Friday, September 12, 2008

It's so much better down here....

As luck would have it, my fiancee matched at Wake Forest for her residency. And I mean, pure luck as in someone suggested it to her and she thought, sure, why not? And boom! It ended up being her favorite place. And apparently they liked her, too. So naturally, it's imperative that I also match at Wake, as the nearest program is an hour away in Charlotte or an hour away in Durham. Crap. Commuting from Burlington every day = no. So as medical students are wont to do, I decided to do a clerkship at my desired residency, so to get my foot in the door and make with the face-time. You know, a sort of audition-before-the-audition. Like spring camps. I'm walking-on and hoping for a scholarship.

To be perfectly honest, I didn't know much about the pediatrics department before I got here. I knew, sure, it's a great hospital, and hey, they sure treat my girl well.
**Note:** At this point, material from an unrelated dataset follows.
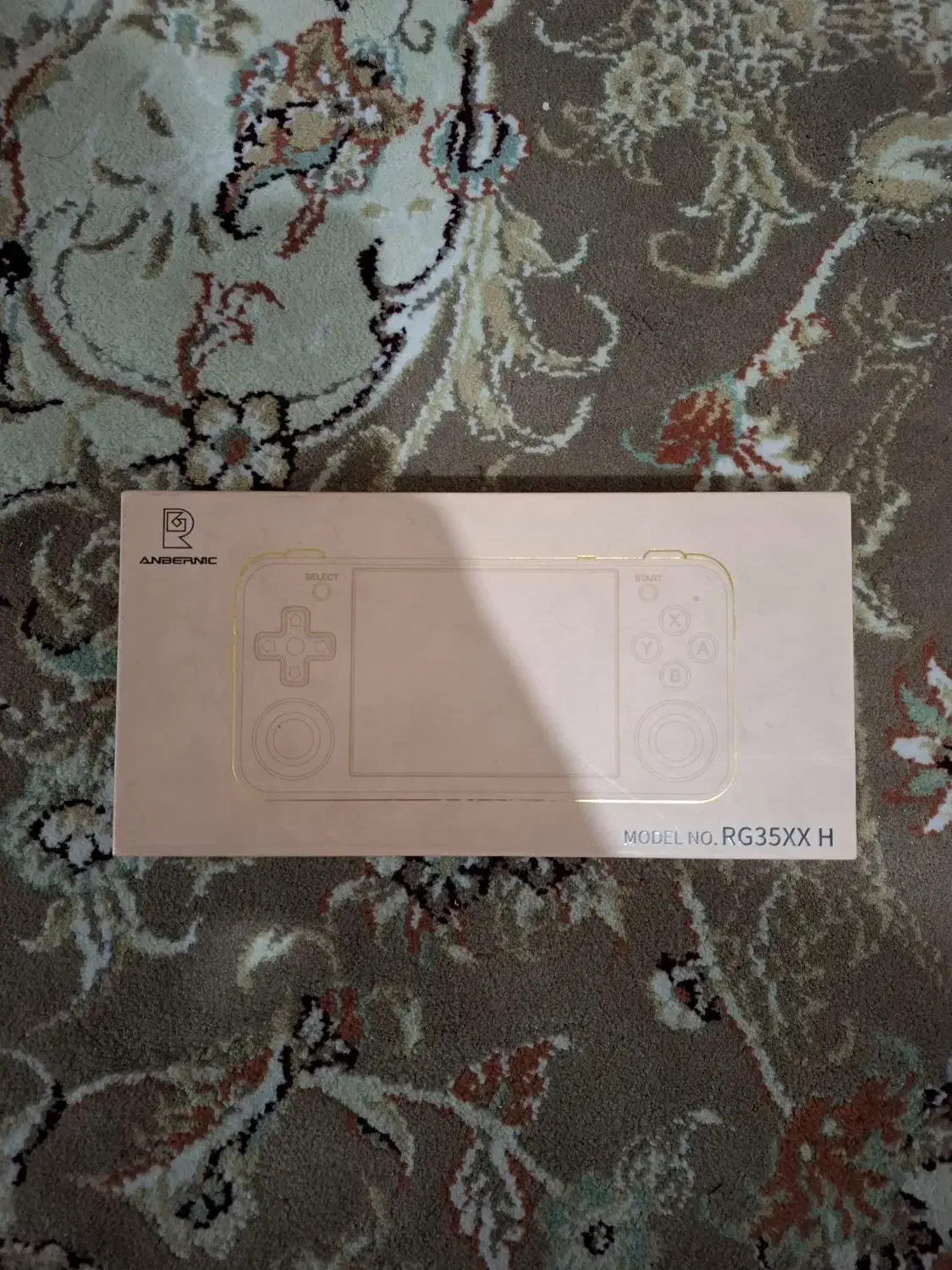 کنسول دستی انبرنیک anbernic|کنسول، بازی ویدئویی و آنلاین|اسلامشهر, شهرک مفیدی|دیوار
And being that it's Wake Forest, I felt pretty certain that my level of pediatric training would be stellar. But I didn't really know what to expect upon arriving. But imagine my happiness - and this should come as no surprise to many of you - to find out that the South is, quite simply, better than the northern locales I've haunted the last few years.

When I was about shoulder-high, we lived in a small rural community outside Atlanta. Those three years were the golden years of my childhood. My neighbor's lawn was a gridiron every fall day, football in the biting-tackle five-mississippi rush two-completions-a-first and one-blitz-or-sneak-every-four style, watch for fire ants and don't land in Josh's Mom's azaleas. Every self-respecting male would line up for a long afternoon of man coverage and touchdowns in the driveway. We knew each other's college teams and no one gave a crap about the falcons and it was glorious. What I wouldn't give to be eight years old again, sweating stripes in my tee shirt and dragging two unlucky kids down to the concrete for seven.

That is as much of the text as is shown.